Output the line that contains "محرك2000 دوش كير" and each line after it in the listing, exactly as they appear, through the very last line.

──────── Available data

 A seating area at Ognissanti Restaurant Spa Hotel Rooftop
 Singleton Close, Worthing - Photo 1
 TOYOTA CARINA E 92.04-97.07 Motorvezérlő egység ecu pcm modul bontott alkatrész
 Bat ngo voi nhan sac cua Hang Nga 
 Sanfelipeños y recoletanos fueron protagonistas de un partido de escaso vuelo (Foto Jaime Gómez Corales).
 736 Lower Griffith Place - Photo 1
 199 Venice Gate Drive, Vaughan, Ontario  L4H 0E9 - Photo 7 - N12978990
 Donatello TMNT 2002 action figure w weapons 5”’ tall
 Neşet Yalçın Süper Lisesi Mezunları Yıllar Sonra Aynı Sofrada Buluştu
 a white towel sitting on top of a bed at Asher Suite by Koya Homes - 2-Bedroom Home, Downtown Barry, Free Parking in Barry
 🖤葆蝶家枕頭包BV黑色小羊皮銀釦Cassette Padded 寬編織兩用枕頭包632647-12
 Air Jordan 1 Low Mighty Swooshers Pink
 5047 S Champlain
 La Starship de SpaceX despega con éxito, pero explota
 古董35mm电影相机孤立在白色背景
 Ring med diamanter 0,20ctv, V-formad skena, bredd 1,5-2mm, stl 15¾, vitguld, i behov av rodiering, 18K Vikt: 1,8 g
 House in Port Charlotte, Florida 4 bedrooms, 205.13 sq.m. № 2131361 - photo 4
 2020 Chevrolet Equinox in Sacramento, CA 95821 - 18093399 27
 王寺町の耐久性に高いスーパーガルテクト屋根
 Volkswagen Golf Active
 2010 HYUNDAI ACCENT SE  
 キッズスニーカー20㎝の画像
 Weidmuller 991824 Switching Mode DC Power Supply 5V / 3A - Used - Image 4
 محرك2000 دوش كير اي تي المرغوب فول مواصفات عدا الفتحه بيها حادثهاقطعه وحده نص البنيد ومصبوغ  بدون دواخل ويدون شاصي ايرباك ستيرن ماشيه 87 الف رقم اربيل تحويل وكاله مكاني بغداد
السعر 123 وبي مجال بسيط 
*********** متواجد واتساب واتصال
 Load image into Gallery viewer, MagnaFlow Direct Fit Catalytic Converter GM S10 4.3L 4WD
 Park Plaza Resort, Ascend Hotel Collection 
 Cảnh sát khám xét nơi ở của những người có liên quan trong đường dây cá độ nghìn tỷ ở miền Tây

────────────────

• Exercise result
 محرك2000 دوش كير اي تي المرغوب فول مواصفات عدا الفتحه بيها حادثهاقطعه وحده نص البنيد ومصبوغ  بدون دواخل ويدون شاصي ايرباك ستيرن ماشيه 87 الف رقم اربيل تحويل وكاله مكاني بغداد
السعر 123 وبي مجال بسيط 
*********** متواجد واتساب واتصال
 Load image into Gallery viewer, MagnaFlow Direct Fit Catalytic Converter GM S10 4.3L 4WD
 Park Plaza Resort, Ascend Hotel Collection 
 Cảnh sát khám xét nơi ở của những người có liên quan trong đường dây cá độ nghìn tỷ ở miền Tây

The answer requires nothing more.